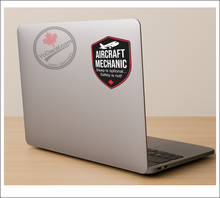 'Aircraft Mechanic - Sleep is optional... Safety is not!' Vinyl Decal Sticker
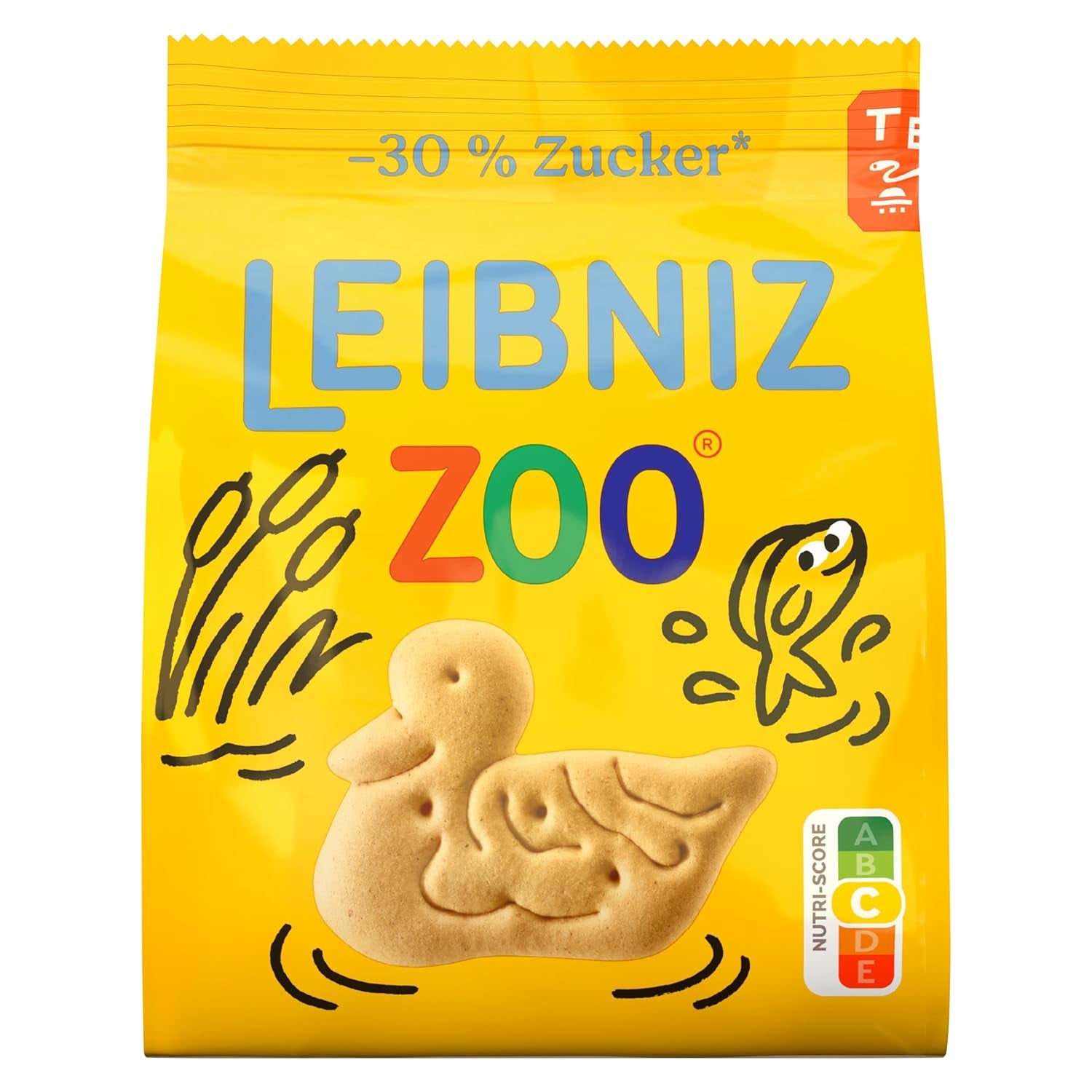 LEIBNIZ ZOO -30% Zahăr, Pachet de 12, Fursecuri cu unt cu motive animale, Fursecuri crocante cu mai puțin zahăr, Pachet vrac pentru stoc sau pentru vânzare (12 x 125 g)
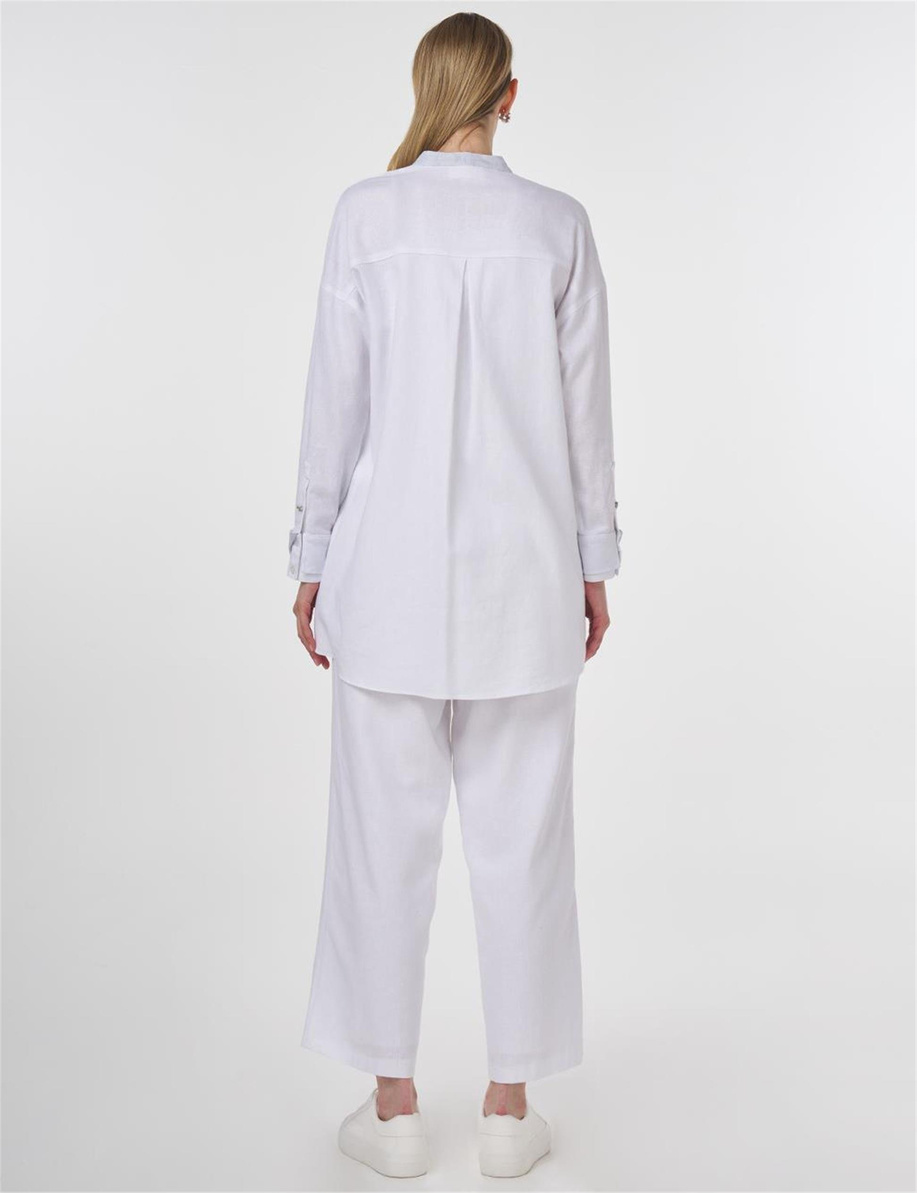 Keten Karışımlı Hakim Yaka Tunik Optik Beyaz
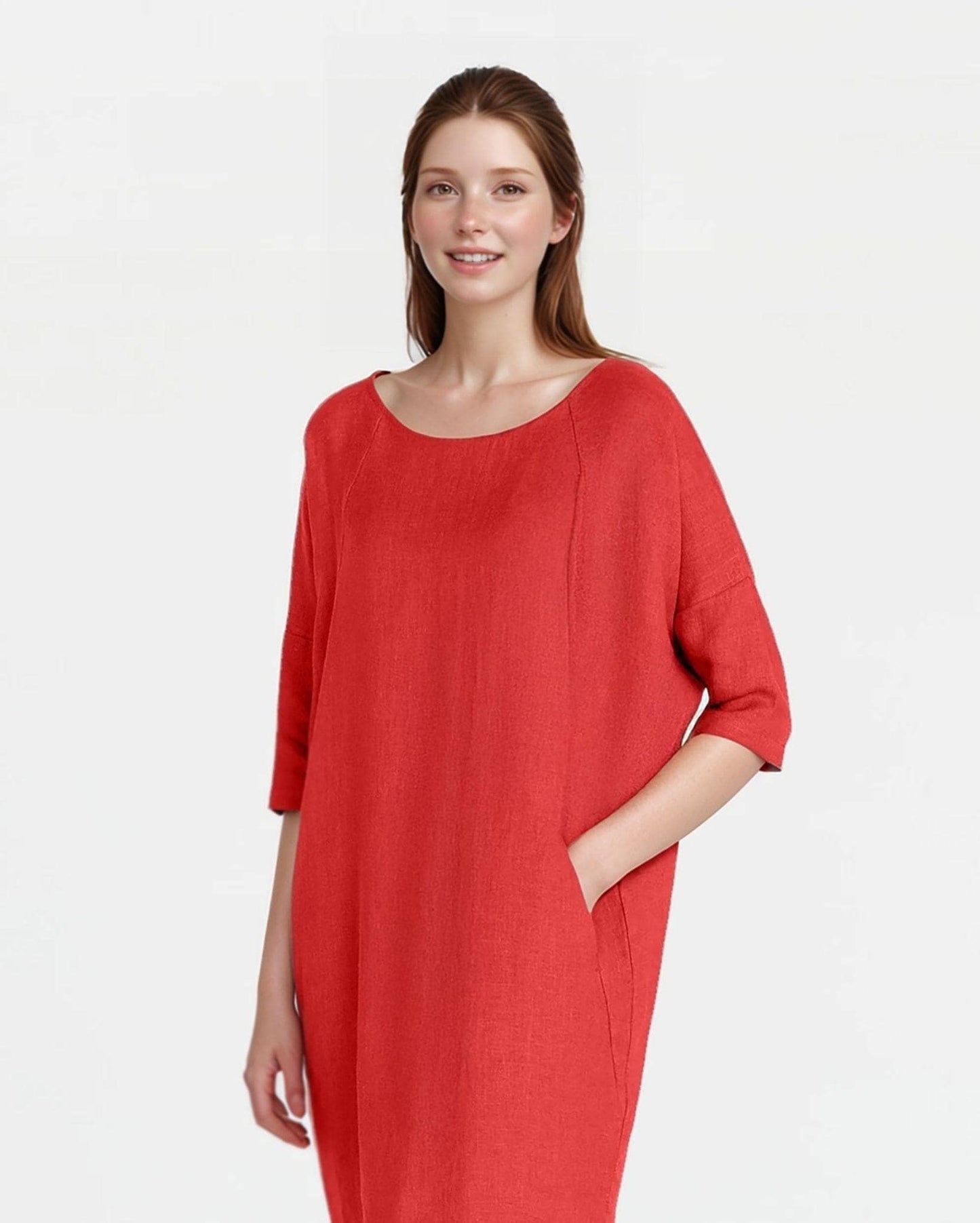 Relaxed Linen Tunic Dress, Loose Fit Summer Dress, Red Linen Shift Dress with Pockets, Casual Vacation Outfit | SKU.25T14T7C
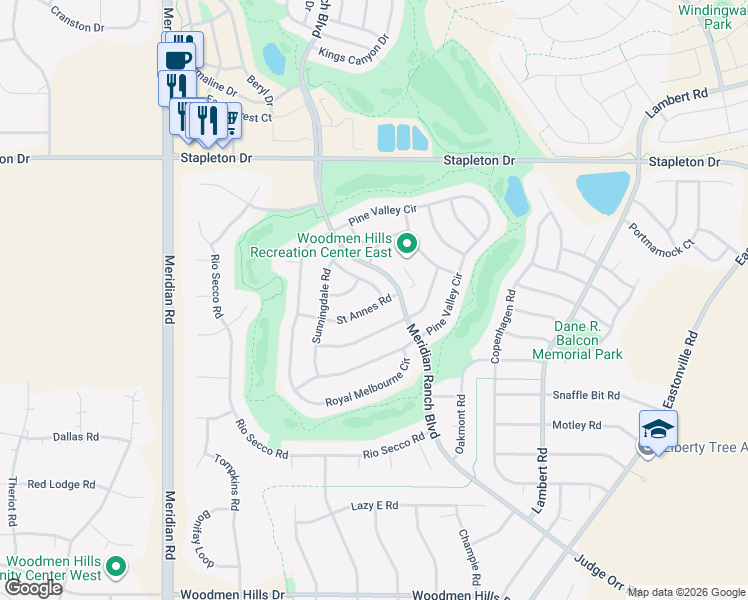 map of restaurants, bars, coffee shops, grocery stores, and more near 9242 Ballybunion Road in Peyton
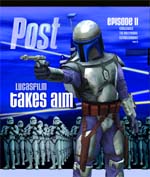 A bounty hunter in blue and silver armor aims a blaster, with a line of clone troopers in white armor behind him.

------------

▸ Exercise requirements
Give back each entry exactly as it appears. Leave pictures out.

▸ Problem solution
 'Aircraft Mechanic - Sleep is optional... Safety is not!' Vinyl Decal Sticker
 LEIBNIZ ZOO -30% Zahăr, Pachet de 12, Fursecuri cu unt cu motive animale, Fursecuri crocante cu mai puțin zahăr, Pachet vrac pentru stoc sau pentru vânzare (12 x 125 g)
 Keten Karışımlı Hakim Yaka Tunik Optik Beyaz
 Relaxed Linen Tunic Dress, Loose Fit Summer Dress, Red Linen Shift Dress with Pockets, Casual Vacation Outfit | SKU.25T14T7C
 map of restaurants, bars, coffee shops, grocery stores, and more near 9242 Ballybunion Road in Peyton
 A bounty hunter in blue and silver armor aims a blaster, with a line of clone troopers in white armor behind him.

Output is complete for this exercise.